The Wild and Wonderful Adventures of Horse and Dog

Wanna go on an adventure? We're turning left and jumping off the treadmill. Let's see where we are today....

Sunday, December 04, 2005

2 Years, No Monsoon..... (Nov 30)

We still haven't seen any rain and it sounds like we may not any time soon. This part of Bihar has gone two years with no monsoon. It's very, very, very dry. The river has almost gone to nothing and the wide, dusty, dry riverbed stretches far into the distance. The river bed is really quite wide so you can tell there used to be water.

Brad got up early(ish) and walked to the train ticket office to get our tickets for Haridwar. The restaurant across the road (Gautam, next to Pole to Pole) told us last night that he was making fresh cinnamon rolls this morning! I walked over to pick a couple up while Brad was getting our tickets (they were still warm!) We had expected him to be awhile queuing up so I was surprised to meet him as I exited the restaurant. We went back in and had some apple and cinnamon porridge to supplement our rolls.

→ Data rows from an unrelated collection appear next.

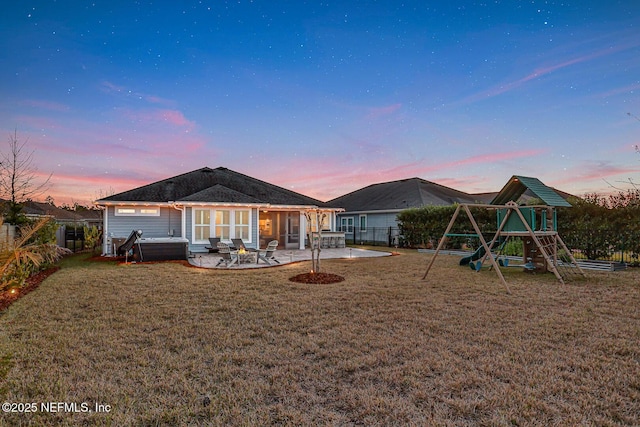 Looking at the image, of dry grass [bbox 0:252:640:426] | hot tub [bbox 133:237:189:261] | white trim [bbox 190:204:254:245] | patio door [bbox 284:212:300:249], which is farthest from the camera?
patio door [bbox 284:212:300:249]

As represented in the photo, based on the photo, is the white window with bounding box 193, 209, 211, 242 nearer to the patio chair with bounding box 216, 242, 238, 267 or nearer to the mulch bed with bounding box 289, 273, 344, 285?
the patio chair with bounding box 216, 242, 238, 267

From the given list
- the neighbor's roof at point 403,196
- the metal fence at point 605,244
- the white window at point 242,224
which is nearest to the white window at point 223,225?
the white window at point 242,224

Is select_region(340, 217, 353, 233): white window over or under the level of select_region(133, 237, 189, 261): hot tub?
over

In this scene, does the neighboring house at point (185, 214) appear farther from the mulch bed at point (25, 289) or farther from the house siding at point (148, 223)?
the mulch bed at point (25, 289)

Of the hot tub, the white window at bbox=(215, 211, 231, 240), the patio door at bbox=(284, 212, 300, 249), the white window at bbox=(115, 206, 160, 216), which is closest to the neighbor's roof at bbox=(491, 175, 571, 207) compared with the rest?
the white window at bbox=(215, 211, 231, 240)

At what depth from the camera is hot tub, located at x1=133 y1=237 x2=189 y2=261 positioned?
1310cm

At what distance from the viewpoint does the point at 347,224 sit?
28.4 meters

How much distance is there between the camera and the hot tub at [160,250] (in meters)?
13.1

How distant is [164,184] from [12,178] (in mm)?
6596

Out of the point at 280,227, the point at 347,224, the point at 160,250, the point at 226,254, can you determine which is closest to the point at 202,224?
the point at 160,250

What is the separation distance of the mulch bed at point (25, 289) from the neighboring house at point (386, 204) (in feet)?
56.1

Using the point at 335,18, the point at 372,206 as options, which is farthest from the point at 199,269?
the point at 372,206

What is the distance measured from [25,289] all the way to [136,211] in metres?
8.69

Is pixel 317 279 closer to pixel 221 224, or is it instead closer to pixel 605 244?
pixel 221 224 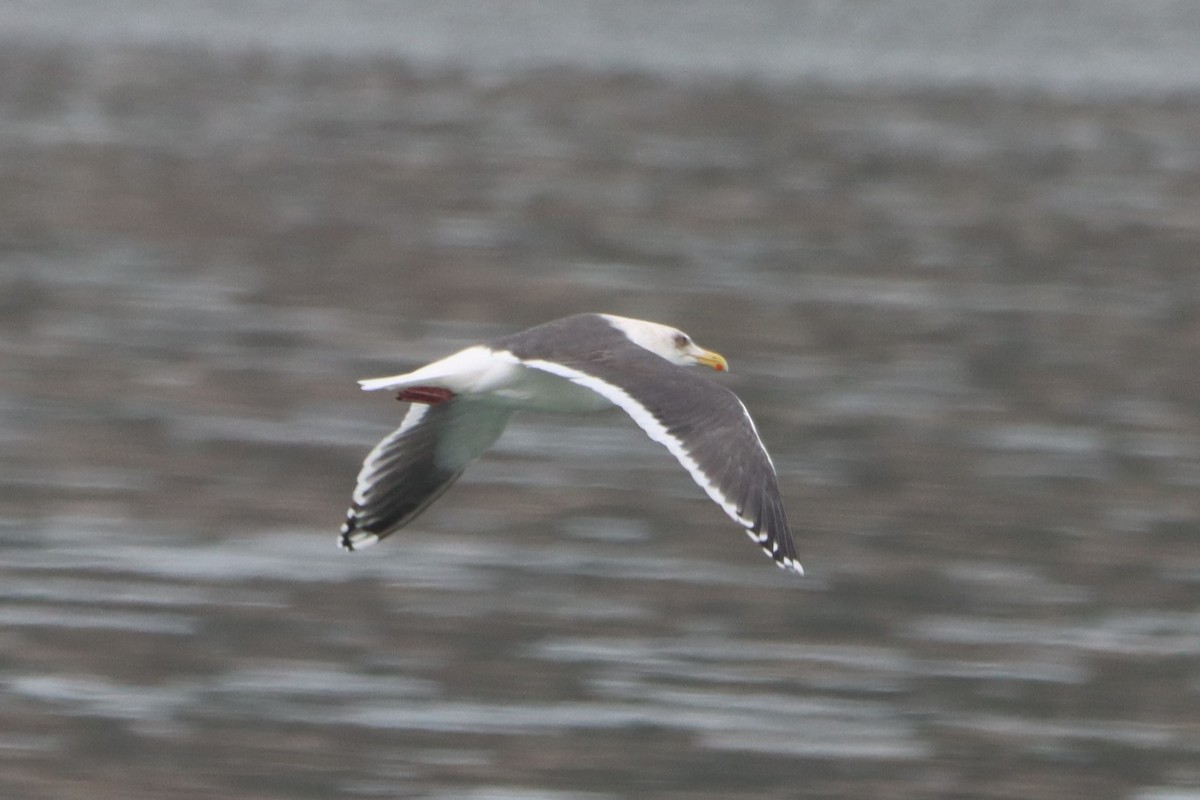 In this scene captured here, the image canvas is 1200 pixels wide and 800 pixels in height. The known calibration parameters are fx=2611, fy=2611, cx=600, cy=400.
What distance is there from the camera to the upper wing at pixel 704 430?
7.95 meters

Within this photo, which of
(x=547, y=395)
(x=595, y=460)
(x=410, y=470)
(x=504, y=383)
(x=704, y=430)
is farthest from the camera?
(x=595, y=460)

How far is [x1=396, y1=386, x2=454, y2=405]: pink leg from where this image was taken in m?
8.82

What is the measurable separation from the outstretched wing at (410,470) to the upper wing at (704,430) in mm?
912

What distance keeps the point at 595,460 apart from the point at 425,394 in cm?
613

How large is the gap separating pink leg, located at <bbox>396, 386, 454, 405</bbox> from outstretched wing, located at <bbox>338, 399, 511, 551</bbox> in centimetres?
49

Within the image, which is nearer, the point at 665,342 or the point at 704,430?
the point at 704,430

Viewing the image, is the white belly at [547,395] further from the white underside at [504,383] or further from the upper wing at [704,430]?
the upper wing at [704,430]

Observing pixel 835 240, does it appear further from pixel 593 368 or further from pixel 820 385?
pixel 593 368

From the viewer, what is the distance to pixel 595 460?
14945 millimetres

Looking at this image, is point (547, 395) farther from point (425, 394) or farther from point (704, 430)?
point (704, 430)

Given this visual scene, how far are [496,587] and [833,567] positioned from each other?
1.75 m

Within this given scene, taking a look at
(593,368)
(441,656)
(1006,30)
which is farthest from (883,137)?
(593,368)

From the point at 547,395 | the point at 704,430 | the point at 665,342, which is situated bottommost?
the point at 704,430

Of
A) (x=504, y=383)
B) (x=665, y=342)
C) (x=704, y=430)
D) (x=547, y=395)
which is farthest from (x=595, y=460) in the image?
(x=704, y=430) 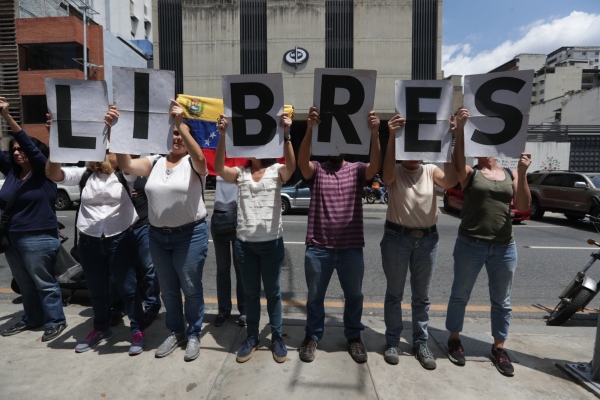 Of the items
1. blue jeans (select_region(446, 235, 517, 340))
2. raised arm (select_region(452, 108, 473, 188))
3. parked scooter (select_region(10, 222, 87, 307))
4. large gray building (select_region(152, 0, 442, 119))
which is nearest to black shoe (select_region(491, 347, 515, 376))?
blue jeans (select_region(446, 235, 517, 340))

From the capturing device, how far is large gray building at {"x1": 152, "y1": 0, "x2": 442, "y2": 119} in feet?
79.1

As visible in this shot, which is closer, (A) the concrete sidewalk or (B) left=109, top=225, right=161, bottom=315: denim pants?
(A) the concrete sidewalk

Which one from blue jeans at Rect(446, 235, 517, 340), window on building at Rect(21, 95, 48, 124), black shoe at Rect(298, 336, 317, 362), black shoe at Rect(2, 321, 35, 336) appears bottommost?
black shoe at Rect(2, 321, 35, 336)

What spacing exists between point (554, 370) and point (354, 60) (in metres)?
23.3

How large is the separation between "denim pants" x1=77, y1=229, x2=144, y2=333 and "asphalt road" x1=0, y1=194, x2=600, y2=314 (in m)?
1.29

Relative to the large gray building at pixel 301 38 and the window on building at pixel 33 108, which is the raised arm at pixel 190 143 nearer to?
the large gray building at pixel 301 38

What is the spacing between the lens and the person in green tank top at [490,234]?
11.0 feet

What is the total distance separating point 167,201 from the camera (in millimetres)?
3383

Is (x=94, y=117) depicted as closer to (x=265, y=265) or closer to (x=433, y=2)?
(x=265, y=265)

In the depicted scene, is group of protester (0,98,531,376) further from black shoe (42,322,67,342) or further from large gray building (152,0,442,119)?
large gray building (152,0,442,119)

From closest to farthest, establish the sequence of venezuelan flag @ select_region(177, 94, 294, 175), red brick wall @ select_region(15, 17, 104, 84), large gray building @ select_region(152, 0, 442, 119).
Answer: venezuelan flag @ select_region(177, 94, 294, 175), large gray building @ select_region(152, 0, 442, 119), red brick wall @ select_region(15, 17, 104, 84)

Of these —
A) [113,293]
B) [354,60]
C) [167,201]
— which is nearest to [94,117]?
[167,201]

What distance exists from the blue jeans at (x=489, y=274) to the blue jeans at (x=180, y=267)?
230 centimetres

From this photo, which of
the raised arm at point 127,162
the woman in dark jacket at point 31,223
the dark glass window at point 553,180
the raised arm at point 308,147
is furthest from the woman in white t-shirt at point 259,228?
the dark glass window at point 553,180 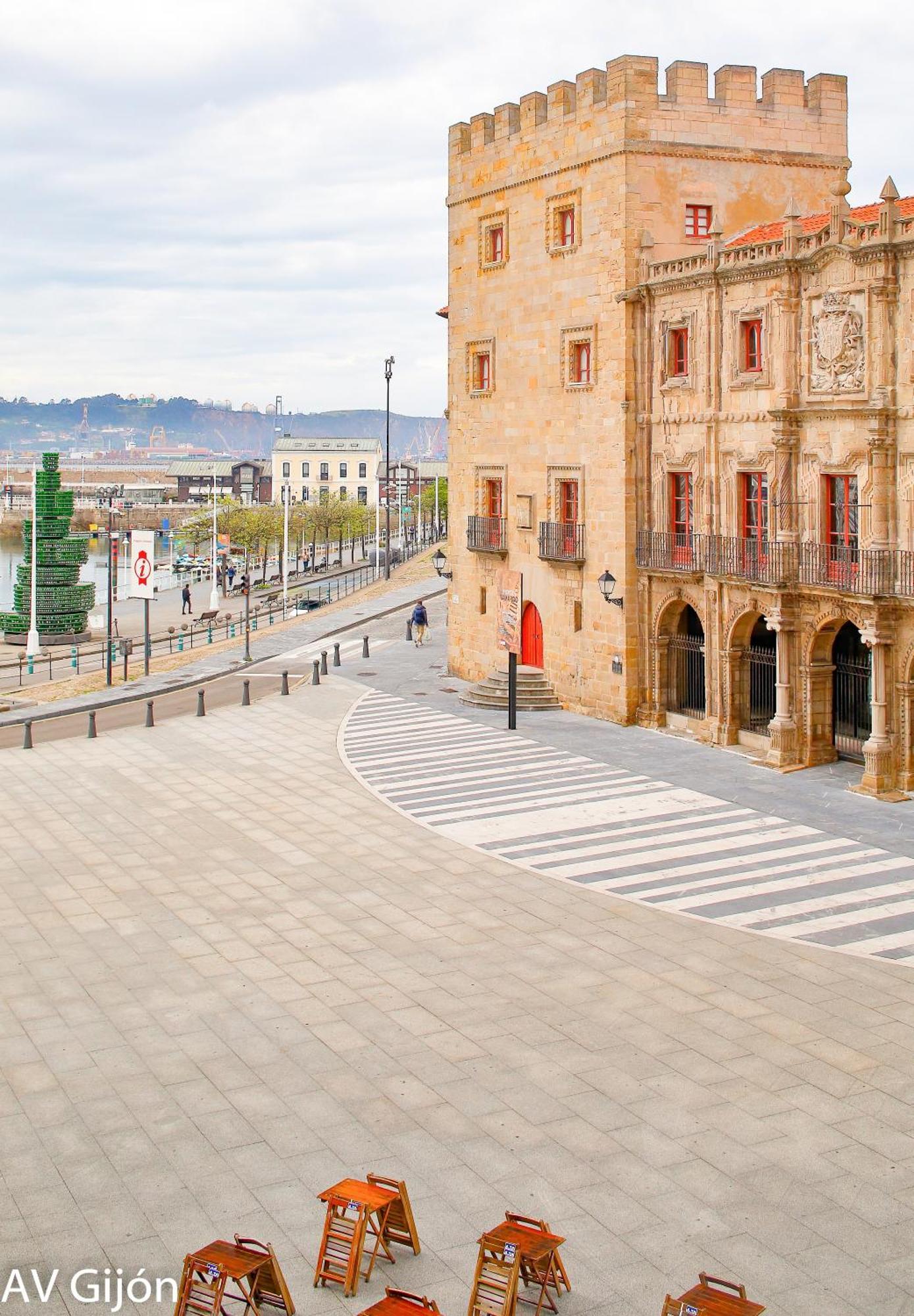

We finally had an internet connection that seemed to be stable so I stayed for a couple of hours updating. It had been so hit and miss, I couldn't pass up the opportunity. While I was madly typing away, Brad walked to the market to pick up some fruit. The police station is just down the road from where we were and as Brad passed, there was a crowd of people standing around. He stopped to see what was going on. I guess you'd call it old-fashioned justice. Prisoners were being brought out one by one and flogged. I was shocked when he told me! He said that one was even strung upside down by his ankles and the soles of his feet were beaten. I guess the punishment depended on the individual crime. He also said the crowd wasn't cheering, just watching.

Our train is departing December 2 so we decided to get some shopping done. I picked up a beautiful sari in one of the shops. The owner had the most delightful laugh and he was so excited about showing me all the fabrics that he had. I could have walked out with a truckload! I limited myself to just one. Brad did the measurements for the blouse and the owner indicated it would be ready later that day.

As we looked around, we stumbled across a statue maker who did wood and stone carvings. Most of the statues here seem to be churned out at an alarming rate from some factory and shipped in. I had noticed him sitting and carving these small pieces of wood. Apparently they carve these very small wooden buddhas that the monks often wear around their necks. We bought a very nice stone Ganesh.

We had decided to head back to Root this evening to take their Mindfulness Yoga class and stay for dinner (like I said, the food was really good). We arrived about an hour early for class so we went up to the library to hang out for a bit. I was reading a book on ritual in Buddhism. It helped further explain the thinking behind ritual in the first place and why ritual had fallen out of favour in Western society.

The library closed at 4:00 so we went over to the dining hall to relax and have a tea. Rita, the monk who had done our course, was sitting and relaxing so we joined her for a chat. I asked her about what we'd seen the monks doing in the courtyard with all the clapping. It is a form of debate. The monk standing asks a question and punctuates it with a clap and a stomp. The seated monk answers. She said one question might be something like "what is the meaning of Buddha". The seated monk might answer "awakened". So the standing monk would say "are you awake?"
"Yes"
"So are you Buddha?"
"No"
"Then how is awakened, Buddha?"
and on and on.
It's quite rapid fire and she said it makes the mind very sharp. The clapping is also to, metaphorically, crush the ego of the questioner in case they thought they were getting too smart with their points.

Yoga was with Jean-Claude, a Parisian. It was a slow, relaxing, methodical class. We did the standing poses on the bare tiles which was different. They gave a nice grip and you could use the lines to get your feet aligned properly. The Parisian accent is quite delicious for the ears. Even Brad commented that he'd go home with him if he asked (he kills me!)

Back to the sari shop. I went into the back and tried it on. I tried to wrap it in the way Kamala had shown me but that was a year ago and the lesson was very short. I came out, somewhat wrapped. We all had a good laugh. I have to say I was pretty close but it wasn't quite right. My pleats were apparently too big. Back into the back room and, with some assistance, I was rewrapped. I looked like a princess! The fabric is a rich, blue georgette with nice detail embroidery. So pretty!

The owner had Brad try on one of the men's wedding shirts as well. We didn't buy it but we got a photo. It looked like it would be nice and comfy as well.

None of the internet cafes were working so we headed back to the hotel.